今年で14回目のタグボートアワードが世田谷ものづくり学校にて開催された。
公募には合計270名のエントリーがあり、画像による一次審査で選出された30名のアーティストによる入選者グループ展が2月23、24日の両日に開催された。
審査員には日本を代表するギャラリスト・小山登美夫氏、美術家の天明屋尚氏、コレクターの塩入敏治氏にタグボート代表の徳光健治を加えて計4名で審査が行われた。
タグボートアワードの特長はこのように、美大教授のようなアカデミックな視点を敢えて外して、現実のアートのビジネスの中で役立つ方々を審査員として選出していることだ。
従い、難解なコンセプトよりも単純で分かりやすいコンセプトが好まれるし、精緻な技法よりも大胆でインパクトの強い作品が評価されやすい。
さらには新しいトレンドを含んでいることもアーティストにとって大切な要件である。
そのため、タグボートのアワードに応募するアーティストでは超絶技巧や写実の技術にこだわる方が少なくなってきた。
また、タグボートアワードはジャンルも絵画、写真、立体、インスタレーション、映像、パフォーマンスなど多彩だ。
メディアの多様化は時代の流れであり、いまだに平面に限定している公募が多い中、タグボートは多くのアーティストに対し門戸を広げている。
さて、タグボートアワードのもう一つの特長は賞金額ではなく、その後のフォローアップにある。
賞を獲得したアーティストに次のキャリアへのチャンスを与えることだ。
受賞者向けに海外でのグループ展の開催を行っているのはそのためだ。
今年はアワードとしては初めて上海という場所を初めて選んだ。
これまでは、香港、台湾といった場所がメインであったが、ここにきてメインランドの中国、その中でも上海を選んだことに意味がある。
中国の中でも特に上海は北京をしのぐほどにアートマーケットが拡大していることと、その成長速度が異常に早いことだ。
そのダイナミズムをアーティストに感じてほしいというのが今回の趣旨だ。
上海で開催されるShun Art galleryのオーナーであるshunさんにも、今回の入選者グループ展に来てもらった。
来日時期が確定しないことから審査員になっていただくことはいったん断念したのだが、今回は都合よく来日時期が重なったのでshunさんのギャラリーで展示する作品を自らの目で確認してもらったことと、直接アーティストと話をしてもらえたことは大きい。
グランプリには清水智裕、準グランプリにAiraが選出された。
偶然にもこの両名のペインターはタグボートがすでにオンラインで販売しているアーティストであったことから、タグボートが現在プロモーションしているアーティストの質の高さが証明されたこととなった。

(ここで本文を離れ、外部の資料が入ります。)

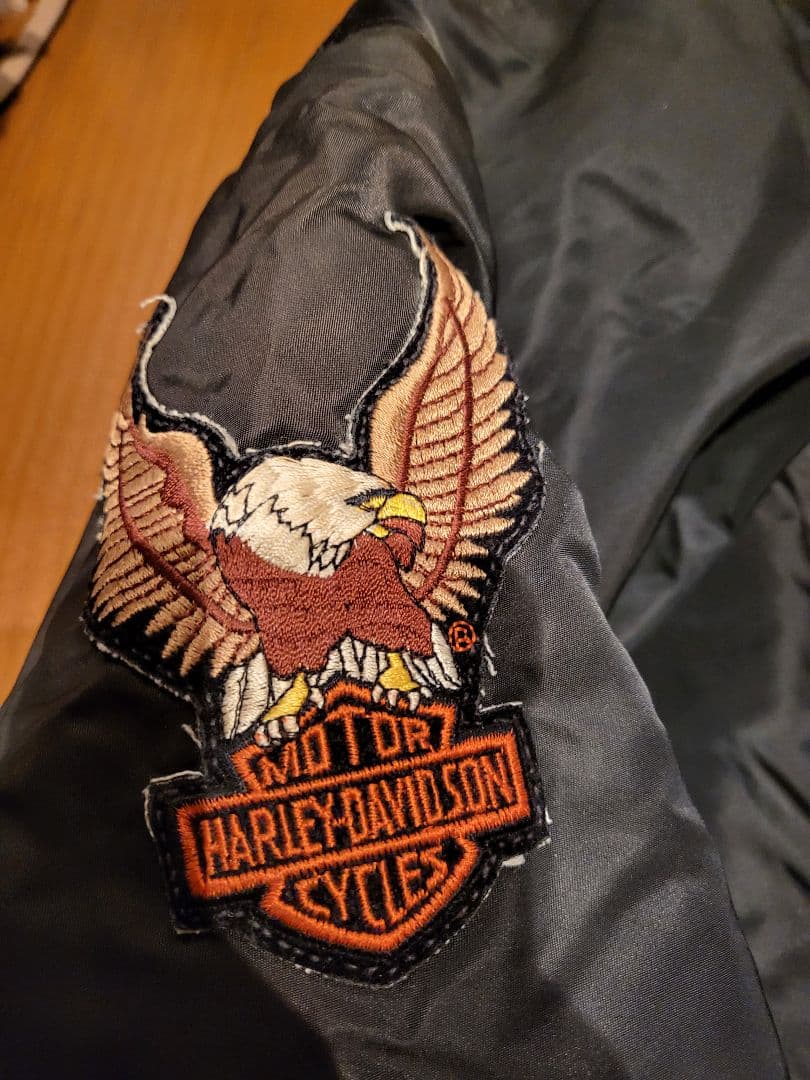 Harley-Davidson ブラック MA-1ジャケット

さらに、審査員特別賞には、TETSUJIN AUDIO VISUALというほうきギターのパフォーマンスアートであったり、AI(人工知能)によって作られた作品など、最新のトレンドが反映されたアーティストが選出された。
そのほかペインティングのちぎらしょうこ、工芸的なセンス光る田中陽子と、総勢6名のアーティストが受賞し、上海行きの切符を獲得した。
さて、これらのアーティストが次のキャリアを形成するためには、上海に行って展示をするだけでは十分ではない。
展覧会で作品が売れればよいのだが、もし運よく売れたとしてもそれは一時的なものにすぎない。
また展覧会に参加した実績もそれは作家プロフィールの履歴に残るだけだ。
タグボートアワードでやりたいことは履歴を残してもらったり、賞金を与えることでアーティストの懐を温めることでもない。
我々が望むことは、作家の自助努力を側面から支援することだ。
つまり、国内にしか目が向いてないアーティストに海外のマーケットの現実を身をもって感じてもらうこと、現地に行くことで磨かれるコミュニケーション能力だ。
日本国内はアートマーケットが小さく、国内市場だけを意識した作品では世界に通用しないことを作家自身が知る必要がある。
大きな作品は売れないので小さいな作品を作った方がよいと言われるのは日本のギャラリーくらいだからだ。
また、現地のギャラリーがどのくらいグローバルな展開をしているか、コレクターの規模など、海外に行かないと気付かないことは多い。
そこから学んだことをどのように日本に帰ってから制作につなげるかが重要だ。
実際に海外の展覧会で、現地のマーケット実情に触れた後に、現地でのアーティスト・イン・レジデンスをすることの意味を感じて行動を起こすアーティストもいる。
彼らは見たこと、感じたことを躊躇せずに行動することで次のチャンスを確実にものにしている。
我々はそのようなアーティストを応援したいし、アワードを機会として自らが変わるアーティストが生まれることを期待しているのだ。